Table 1 Nucleotide and haplotype diversity and tests of neutrality for functionally different class 21 salt stress-related genes

Association of SNPs in the candidate gene with salt-tolerance phenotype

LD-based association analysis showed a variable number of SNPs in 14 of the 21 genes having significant associations with the SES score for salt tolerance in the wild rice accessions (Table 2). Overall, the highest number of 14 SNPs in PIP1 gene showed association with the salt-tolerance phenotype. Among seven genes belonging to osmolyte biosynthesis pathways, one SNP each in MIPS1, MIPS2, and P5CS1 and two SNPs each in BADH2 and P5CS2 gene showed significant association with the SES score. Among the signalling pathway genes, five SNPs in SIK1 and two SNPs in SOS2; while among transporter family genes, one SNP each in SOS1, NHX1, NHX3, nine SNPs in NHX2 and 14 SNPs in PIP1 genes were significantly associated with the SES score. Out of four transcription factor genes studied, one SNP in HsfC1B and two SNPs in MYB2 gene were also associated with the SES score. While most of the associated SNPs were found in the 5′ upstream, and 3′ downstream noncoding or intronic regions, SIK1 and MYB2 genes had SNPs from the exonic region associated with the salt-tolerance phenotype (Table 2).

Table 2 Association of SNPs in selected salt stress response genes with standard evaluation score (SES) (at R 2 > 5 % and p < 0.01)

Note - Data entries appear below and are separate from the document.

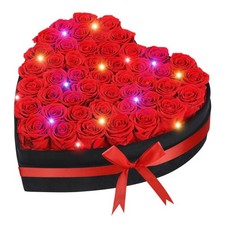 47 Roses in a Heart-Shaped Box with Velvet Cover,Flowers for Delivery Prime,A...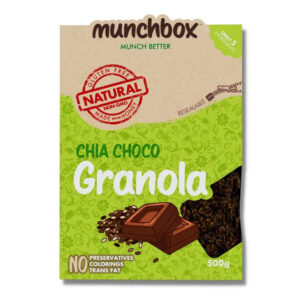 A green and tan 500g resealable bag of Munchbox Chia Choco Granola showing chocolate pieces and chia seeds.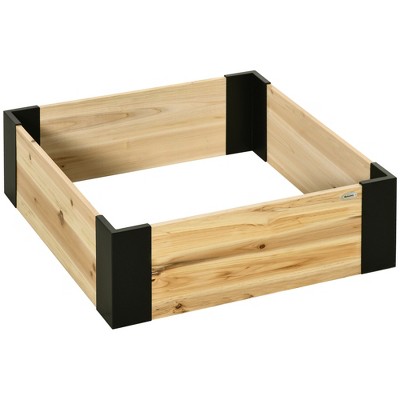 Outsunny Wooden Raised Garden Bed Flower Box with Metal Bracket, Installed by Hand, Outdoor Planter Box, 31.5 x 31.5in Square, for Vegetables, Fruits, Herbs, Succulents, Lawn, Yard, Natural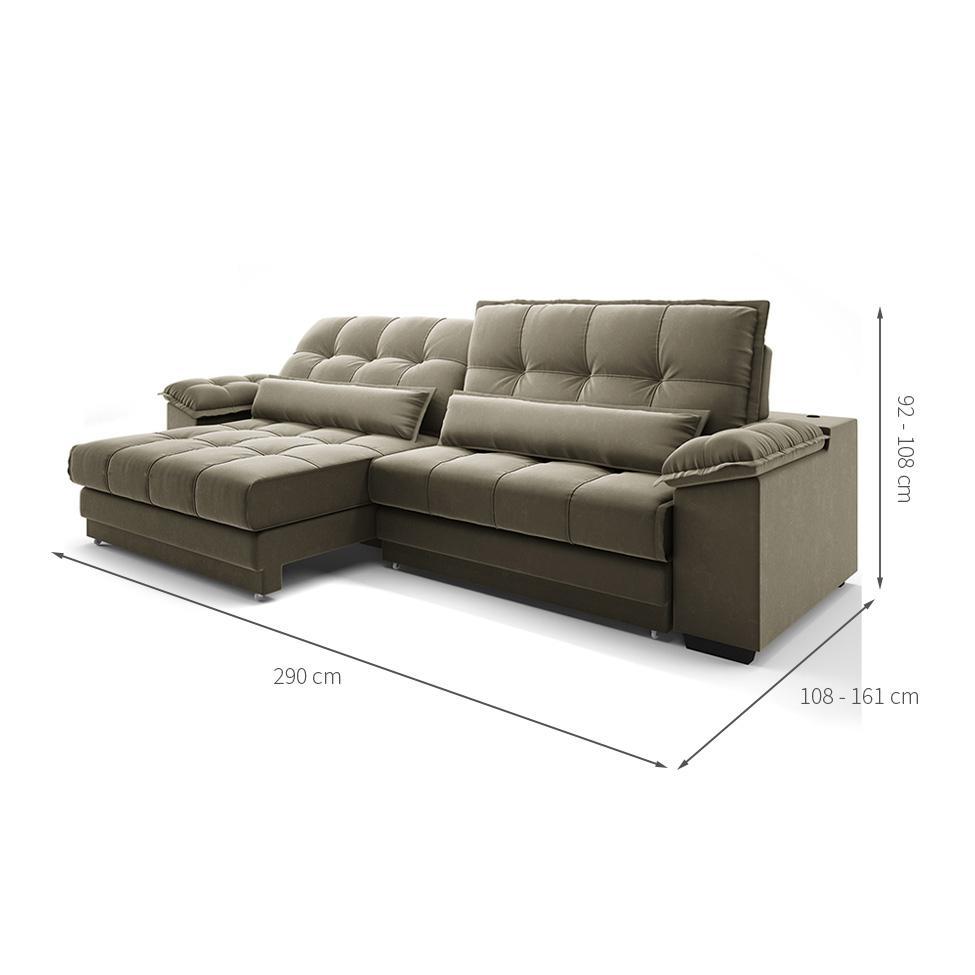 Sofá 5 Lugares Retrátil e Reclinável Majestic Veludo Fendi - 3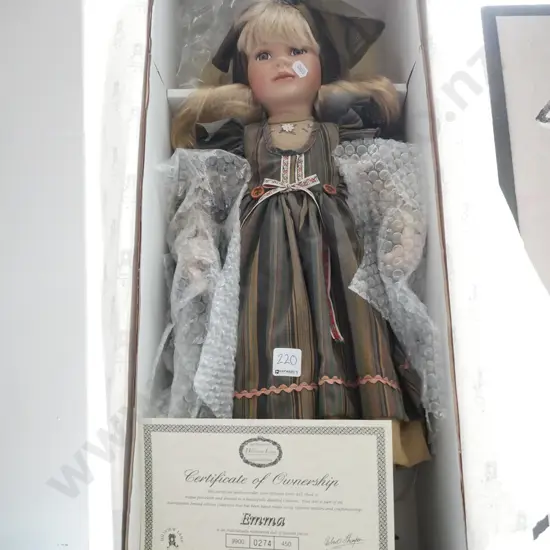 boxed Hillview Lane porcelain display doll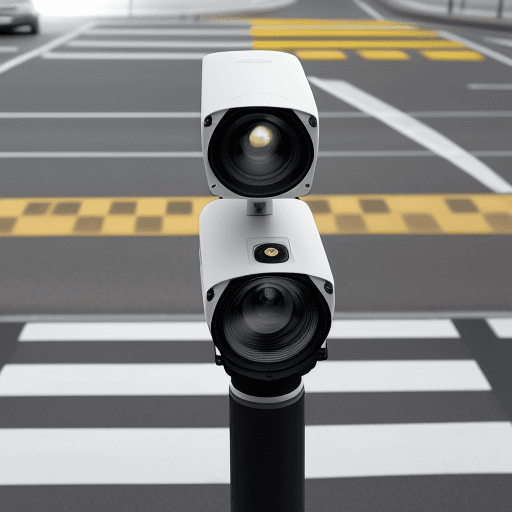 AI generated: smart crosswalk, camera, radar, lider, sensor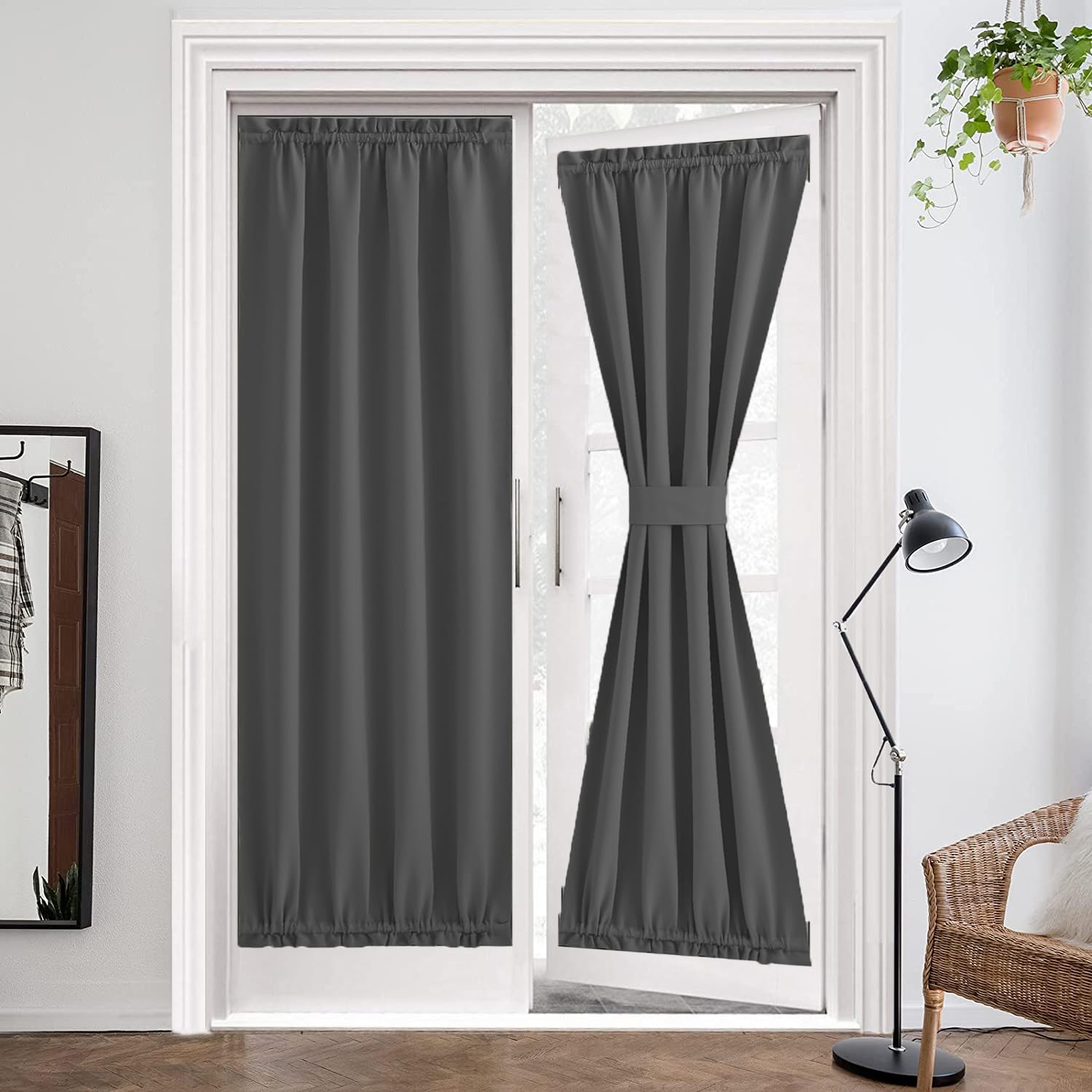ZHhan French Door Curtains Privacy Blackout French Door Rod Pocket Drapes for Glass Door Home Office,Sidelight Curtain Tie up Shade,Easy Installed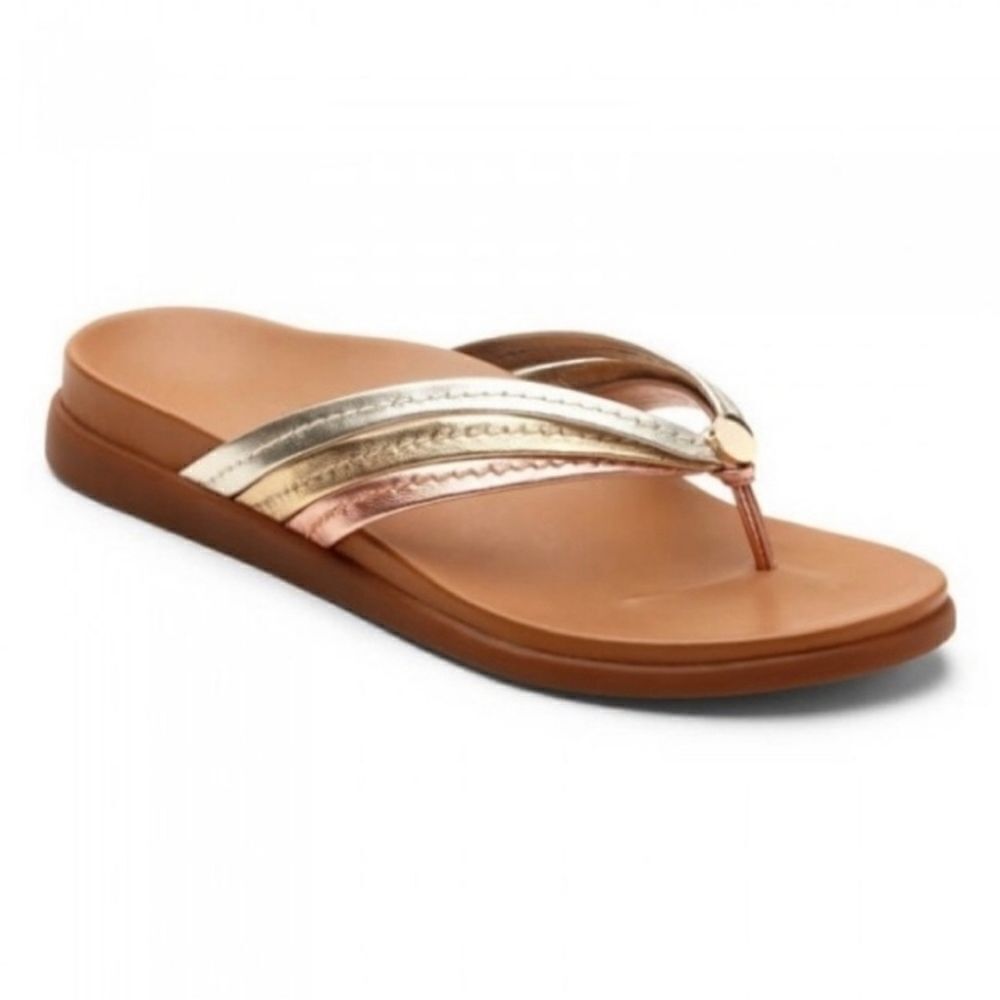 Vionic Orthaheel Palm Catalina Mixed‎ Metallic Gold Silver Rose Gold Sandals 8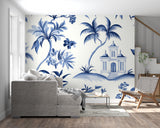 Mediterranean villa wallpaper in blue tones adorning a stylish dining room wall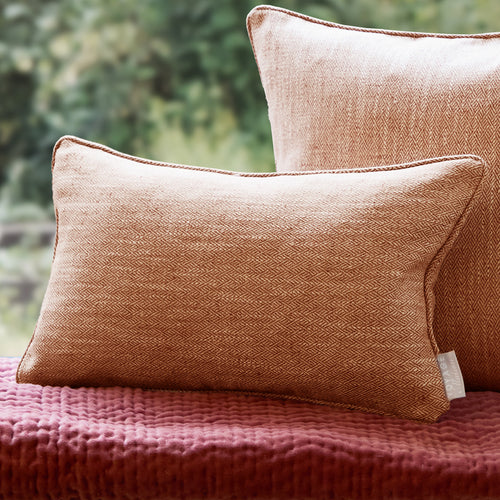 Herringbone Orange Cushions - Jedburgh Textured Woven Rectangular Feather Filled Cushions Rust Voyage Maison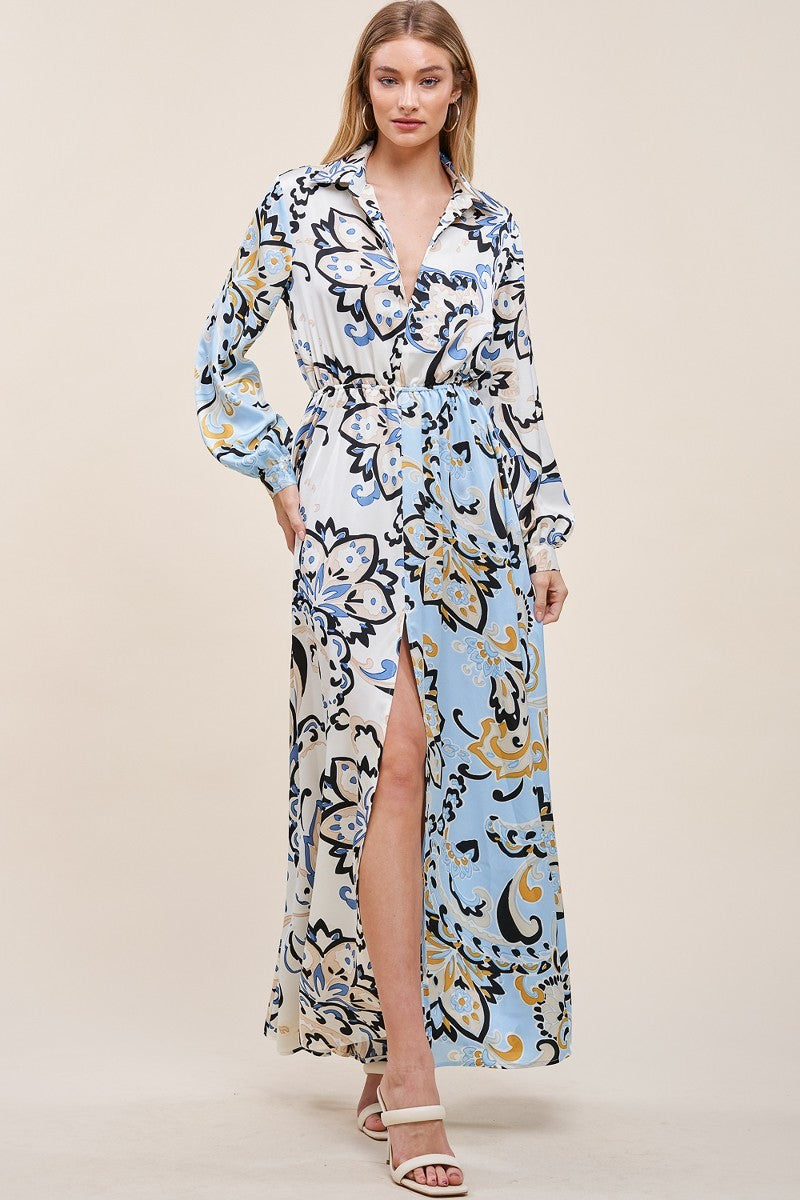 Silk Print Maxi Dress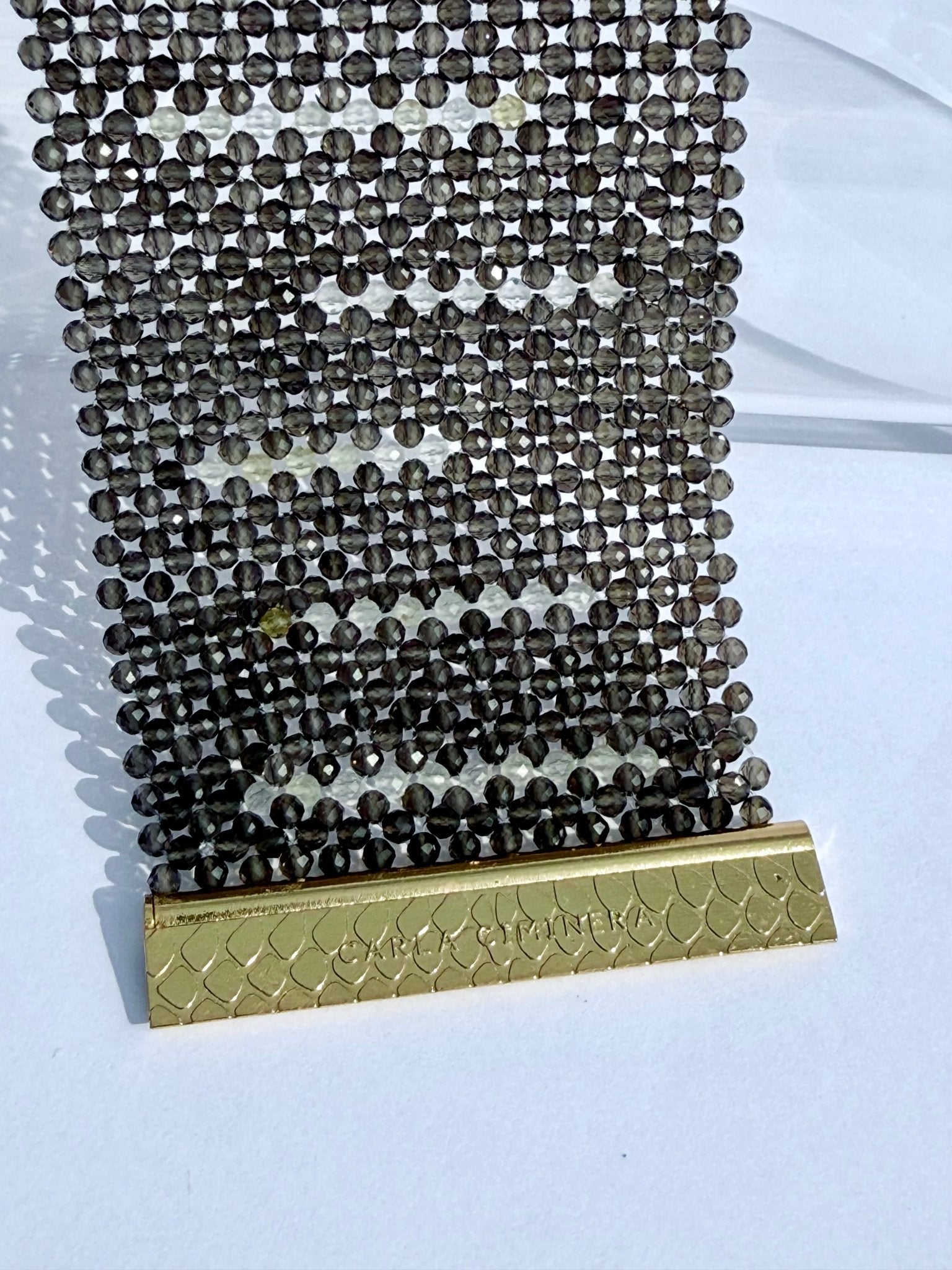 Smoky quartz Gemstone Cuff | Handmade by Carla Ciminera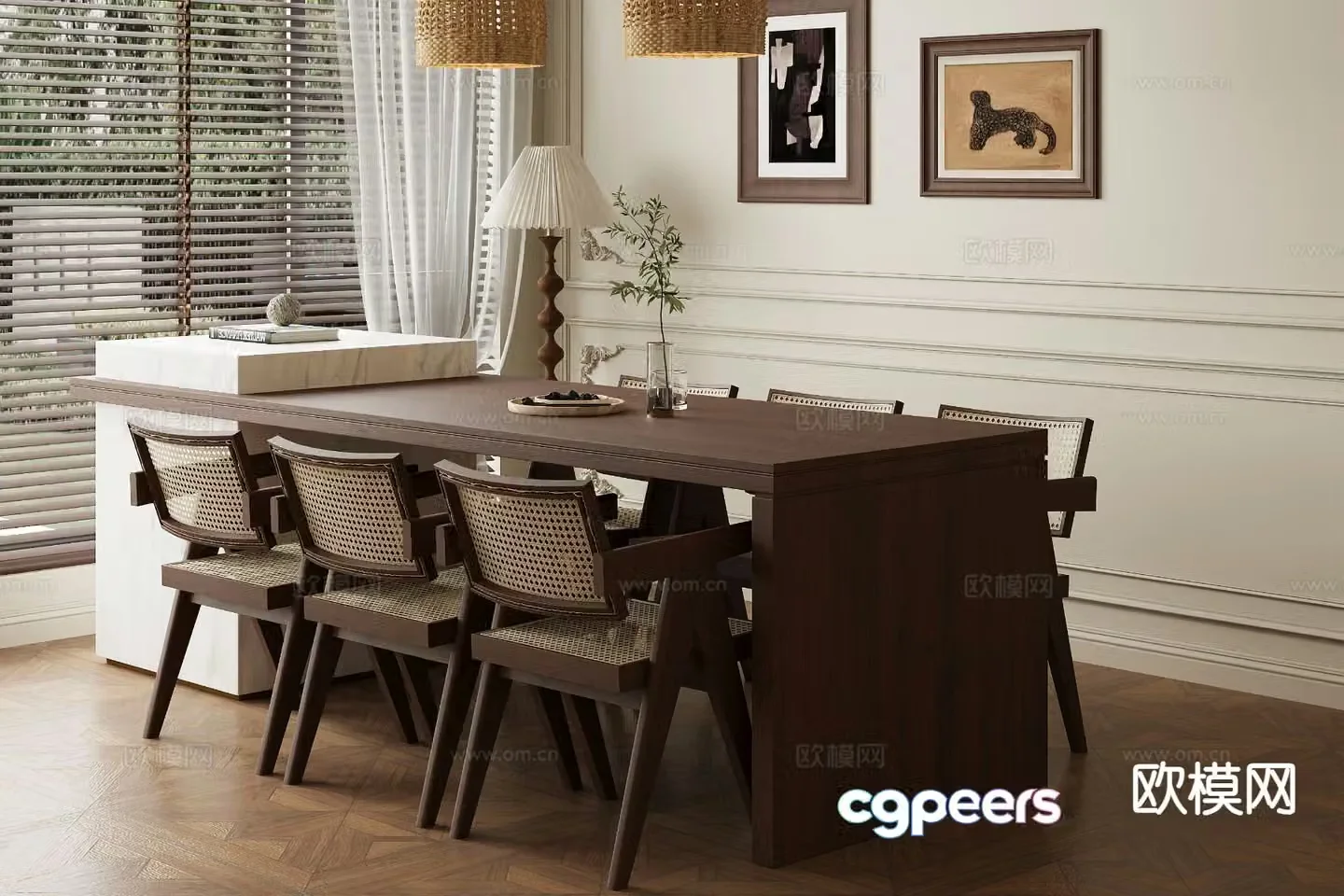 Medieval style dining table and chairs island dining table 3d model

Identification of salt-tolerant groups of genotypes based on 29 candidate genes

Apart from these 21 candidate genes for salt tolerance, sequence data for eight HKT transporter genes (Mishra et al. 2016) were also used to prepare a concatenation of all the 29 genes for the grouping of wild rice genotypes. To exclude rare alleles, a filter was set at a minimum count of six genotypes per SNP site. A neighbour joining (NJ)-based dendrogram was generated using SNPs from the promoter, coding, and noncoding regions of all the 29 genes (Fig. 1). This grouped the genotypes into three clusters, i.e., cluster-I, II, and III. Cluster-I had only one wild rice accession NKSWR238, and cluster-II consisted of 12 wild rice accessions. Cluster-III was the major cluster and was further divided into two sub-clusters, such as clusters-IIIA and IIIB. Cluster-IIIA had only wild rice accessions which was further subdivided into two minor groups. The cluster analysis revealed a random distribution of tolerant accessions among different groups, except for two clusters of four and six accessions which were all of tolerant type. This suggested that certain combinations of alleles of these candidate genes are associated with the salt-tolerance phenotype. From the two minor clusters, sub-cluster-IIIA-1-2 has only tolerant wild rice accessions. In addition, sub-cluster-IIIB-3 also grouped only tolerant accessions. The remaining tolerant accessions were randomly dispersed across different sub-clusters. Seven cultivated rice varieties of O. sativa, including both salt tolerant and sensitive cultivars, were grouped together in a separate sub-cluster-IIIB-5. To identify the differentiating SNPs and corresponding gene(s), genomic sequences of each tolerant cluster were separately aligned with five each of tolerant and susceptible accessions from neighbouring clusters (Table 3). For cluster-IIIA-1-2, SNPs differentiating the tolerant and sensitive accessions were found in HKT2;3, NHX1, SOS1, BADH1, and P5CS2 genes. Similarly, for cluster-IIIB-3, differentiating SNPs were found in HKT1;3, P5CS2, and BADH1 genes. SNP annotation from individual tolerant sub-clusters showed one SNP each of BADH1 and NHX1, four SNPs each of HKT2;3 and P5CS2, and 14 SNPs of SOS1 in cluster-IIIA-1-2 and additionally one SNP each from P5CS2 and BADH1 and three SNPs from HKT1;3 in cluster-IIIB-3 differentiating the clusters (Fig. 1; Table 3).

Fig. 1
figure 1

Neighbour joining tree-based on SNPs of all the 29 genes. The genes were concatenated based on their position in the genome, aligned, and cluster was made using SNPs. Red lines indicate tolerant wild rice lines and blue lines indicate O. sativa cultivars and black line indicate intolerant wild rice (colour figure online)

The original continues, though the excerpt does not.